The bad news: Experts at the Washington. D.C.-based National Association of Home Builders' (NAHB's) Spring Construction Forecast Conference in May in Washington, D.C., could not come together on ruling out the possibility of a sudden, dramatic fall in home prices in some pockets of the country.

While talk of an impending house price bubble has been overblown for the last several years while the housing market posted record sales and starts, new concern about the direction of home prices dominated talk among NAHB's panel of experts throughout this recent conference.

The inability to pinpoint where all of the current housing demand is coming from, coupled with reports from builders of residential real estate speculators, is "disquieting," said David Seiders. NAHB chief economist.

Seiders related reports from some of the nation's larger home builders, who, he said, are concerned about speculators scooping up large numbers of homes and the potential impact on the local real estate market should investors decide to unload those homes en masse.

One cannot automatically conclude that a price bubble is imminent or probable because of the presence of speculators in the real estate market. But it could suggest the sizable increase in home prices relative to incomes is based on a dramatic increase in investment activity, said Thomas Lawler, senior vice president of risk policy at Fannie Mae.

"You cannot say we're going to have a [housing price] bust. You cannot say that," said Lawler. "You could say the probability of a bust occurring in certain parts of the country has risen sharply." In fact, he said, traditional data does not allow for a definitive forecasting of a housing bubble until after the fact.

"It is absolutely true that conditions in the housing market in parts of the country, not most of the country, mirror past conditions that preceded busts," said Lawler. "But in almost all cases, those busts were associated with a regional economic downturn."
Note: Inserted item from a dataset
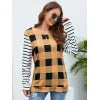 Plaid Striped Round Neck Long Sleeve T-Shirt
In addition to increased speculative behavior, Lawler noted concern about similar patterns within the last year that were also visible during the late 1980s, before the last real estate bust.

Lawler's concerns include unrealistically high consumer expectations for home price appreciation; creative, riskier financing to surmount home affordability concerns; and much higher adjustable-rate mortgage (ARM) share than interest rates and spreads would have suggested.
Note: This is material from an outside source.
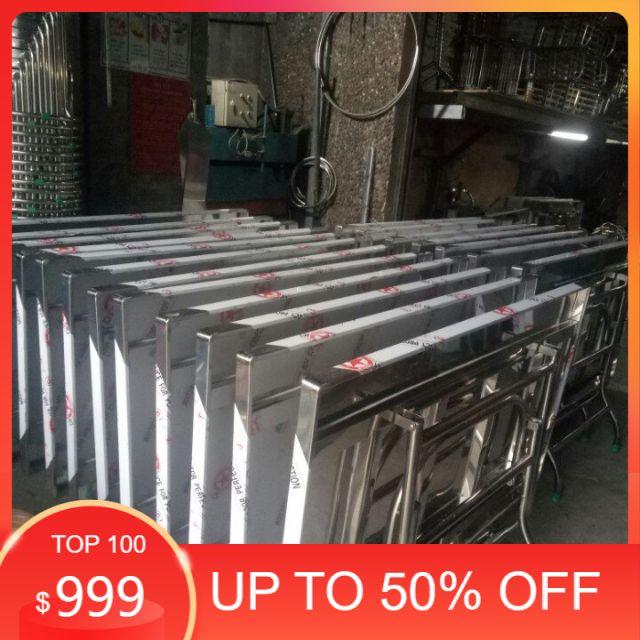Bàn vuông 60x1m cao 75 100% inox bảo hành 36 tháng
James Glassman, managing director and senior policy strategist with J.P. Morgan Chase & Co., New York, noted most housing markets in the country are not seeing the type of real-estate boom that buyers and sellers on the coasts are experiencing.

Glassman pointed out California as a real estate market "with issues," as well as Las Vegas and South Florida as markets with potential problems on the horizon.
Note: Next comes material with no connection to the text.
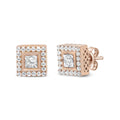 14K Rose Gold Plated .925 Sterling Silver 1/2 Cttw Diamond Halo Square-Shaped Frame Stud Earring (I-J Color, I3 Clarity)-0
Glassman disputed the notion of excessive home prices, citing a lack of evidence in income and real estate trends. Instead, he said, prices are catching up to a "reasonable benchmark of real rates of return" following a lag in home prices throughout the 1990s.

"Not everybody is seeing the same exact thing as you are in the really hot real-estate markets," he said. "Worry if you want to. I would take most worries with a grain of salt, and just get back to business."--C.W."